Two, maybe three weeks passed. I desperately hoped I'd be able to find an organization going to the Philippines in January, but the chances grew slimmer.

One morning late November, my alarm went off and I rolled over in bed. I mentally started checking off the things I had to do that day. Grade presentations. Grocery shop. I added "Plan winter break" to the list. I had given up waiting. But that's the day I finally received the email: "Your application has been accepted!"

Since I am entirely incapable of writing short stories, the end of this long saga is that I am going to Bohol (a community hit hard in the Philippines) for 20 days in January. During this time, I will "safe" houses (clear debris, makinng the homes safe for the occupants to reenter and find their belogings) and rebuild. I will be staying at an All Hands camping ground, and I'm still unsure whether I will have running water, let alone electricity or internet.
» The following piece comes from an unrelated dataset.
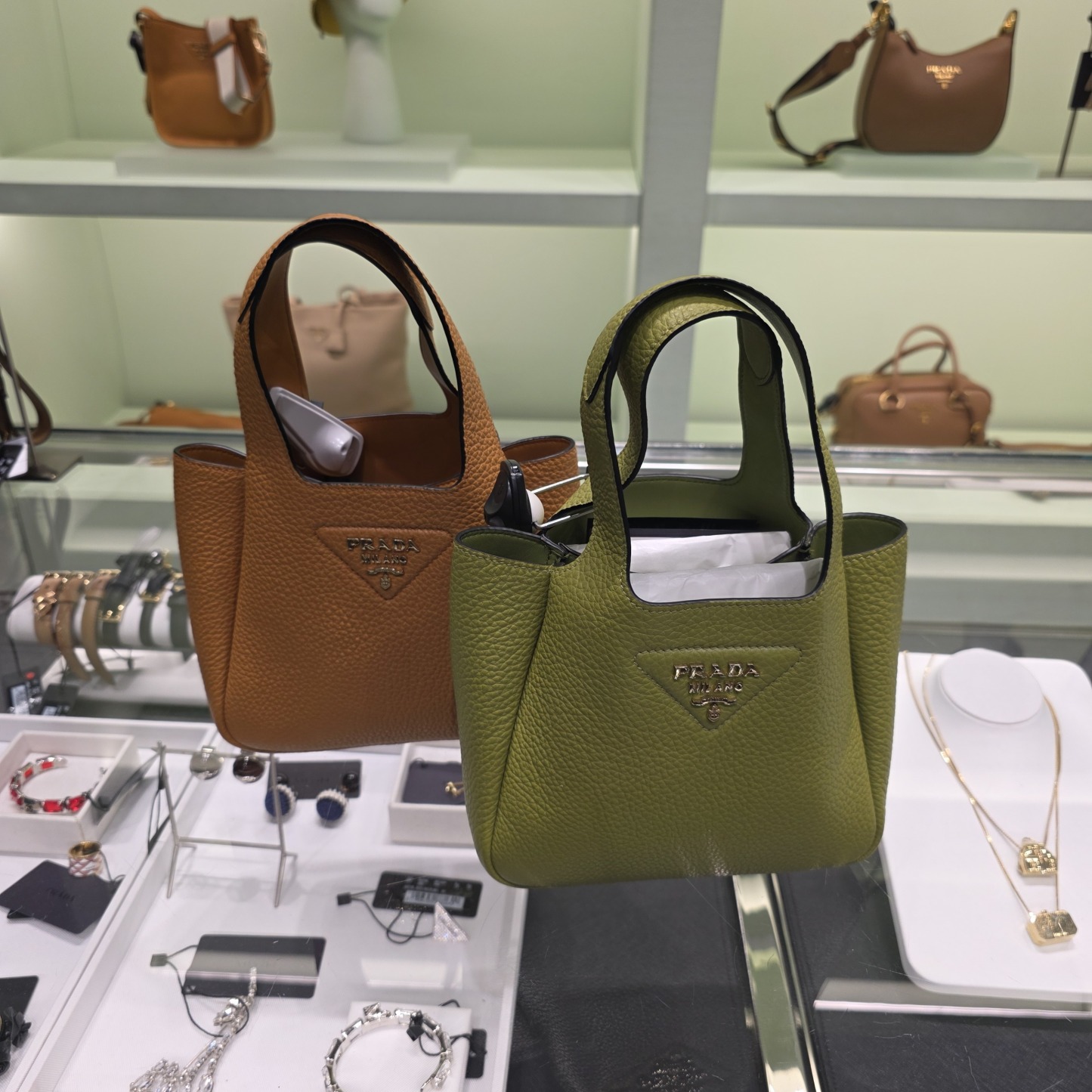100%直営店買付!【PRADA】レザーミニハンドバック 1BA349 2DKV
I don't know what the situation will be when I arrive. I know that a lot of work has been done this past month and will get done during December, but I think that I will still see the immediate results of the disaster firsthand when I'm there. All volunteers have been warned of the dangers involved with safe-ing houses, from physical injury to illness caused by asbestos and other mold. I've never been one for camping or roughing it. And to be honest, my rebuilding skills from the trip I did in New Orleans, LA and Galveston, TX (and from the years on tech crew at Tenafly High School) are a little rusty, no pun intended. But realistically, this is something I fee like I have to do. Selfishly, it's something I want to do. I would never forgive myself if I hadn't followed through once the idea to help in the Philippines popped into my head.

I am currently running a personal fundraiser for All Hands. All donations go directly to Project Bohol, for the materials needed for volunteers like me. My goal is $750, and after posting on Facebook, Twitter, LinkedIn, and Grinnell Plans, I've already received a few donations. So please, help me out! Not everyone can travel to help physically, but everyone can donate money, even $5, from the comfort of their own home. Click here to see my fundraising page and to help me reach my goal!

I hope to keep everyone updated from the Philippines, but it might have to wait until I've returned to China. China Doll is gearing up to tough it out!